Researchers in New Zealand are inching closer to the development of the first effective oral vaccine to protect against tuberculosis - a disease which still kills more people worldwide than any other bacterial disease.
A new study, led by Dr Joanna Kirman from the University of Otago's Department of Microbiology, has found that in mice, an innovative oral vaccination formula can induce stronger and longer-lasting immune response compared to the current needle vaccination against TB.
In New Zealand there are about 600 notifications of the disease each year, with 300 new cases diagnosed.
For an oral vaccine to work, the bacteria need to be alive. This problem is overcome with the development by Dr Frank Aldwell and colleagues from University of Otago-based Immune Solutions Ltd of a lipid formulation called LiporaleTM, , a formula that coats the BCG bacteria, allowing them to survive the harsh environment of the stomach.

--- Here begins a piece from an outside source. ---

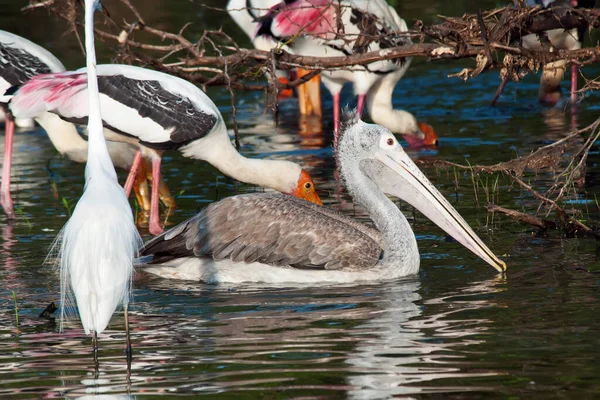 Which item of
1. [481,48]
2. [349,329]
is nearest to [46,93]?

Dr Kirman and colleagues Dr Aldwell, the Malaghan Institute's Fenella Rich , and University of Otago PhD student Lindsay Ancelet, compared the immune response in the spleen and lungs of mice vaccinated with the new formulation, LiporaleTM-BCG, to the response from the traditional injected vaccination.
"LiporaleTM-BCG vaccination induced a long-lived immune response, evident by the detection of increased numbers of tuberculosis-specific T cells in the lungs and spleen up to 30 weeks after vaccination," Dr Kirman says.
"These results demonstrate that orally delivered LiporaleTM-BCG vaccine induces a long-lived multi-functional immune response, and could therefore represent a practical and effective means of delivering new BCG-based TB vaccines."
These promising results are published today in the peer-reviewed open access international journal, PLOS ONE
Dr Kirman says the oral vaccine, potentially delivered as a syrup or pill, would be easier to administer. Most importantly, it targets the mucosal immune system - a network of the gut and respiratory tract where the immune response is regulated differently from the systemic response triggered by injected vaccines.
TB causes more deaths worldwide than any other bacterial disease. Latest estimates from the World Health Organisation show that in 2010, 8.8 million people became ill with TB and 1.4 million people died, mostly in developing countries including Africa, South-East Asia, Eastern Europe and the Western Pacific.
Dr Kirman says antibiotic resistance to tuberculosis is also increasing.
"In 2010 New Zealand had its first case of extensively drug-resistant TB (XDR) which is incredibly difficult, and sometimes impossible, to treat. That is why we think prevention through vaccination is so important."
Dr Kirman says the researchers are hoping the vaccine will attract more Health Research Council funding to further understand this immune response and to undertake the necessary safety tests. In addition, the not-for-profit product development organization, AERAS, dedicated to the development of effective tuberculosis vaccines in the US, has undertaken to conduct further tests on the vaccine.